All over the nation, shooters—be they police, military or civilians—are embracing the sound of silence. The first step for those who have previously not used sound suppressors is education. We need to acknowledge that the ear-damaging noise produced by a firearm is merely a byproduct of the ignition process and does not translate to power. Extra-loud cartridges are not extra-powerful. It’s a bit childish, but equating noise to power is something men have been doing for centuries. The louder the motorcycle, the more “powerful” it must be. Noise is simply noise, and the noise produced by a firearm can and will permanently damage your hearing. What does all this have to do with the application and use of suppressors by law enforcement? Education is the answer. Before any officer can appreciate a tool, they must understand the value of that tool.

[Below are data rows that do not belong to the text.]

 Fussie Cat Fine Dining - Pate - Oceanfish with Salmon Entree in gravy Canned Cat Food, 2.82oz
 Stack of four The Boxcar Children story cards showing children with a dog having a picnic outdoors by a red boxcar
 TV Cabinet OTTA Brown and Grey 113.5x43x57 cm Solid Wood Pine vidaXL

During my first introduction to the KRISS Vector .45 ACP submachine gun, one of my initial impressions was that the gun would be even better with a suppressor on it. Evan McNamara, director of sales and business development at KRISS, assured me that an in-house version was in the works. Now I can report to you that a new suppressor dedicated to the KRISS family of firearms does in fact exist. I have held it in my hand and used it on the range.
Let’s back up for just a second. The parent company for KRISS is headquartered in Switzerland. KRISS USA is headquartered in Virginia Beach, Virginia. In addition to the Vector firearms, it also offers Sphinx pistols and Defiance suppressors. All the KRISS Vector firearms available for purchase in the U.S. are built in the Virginia facility.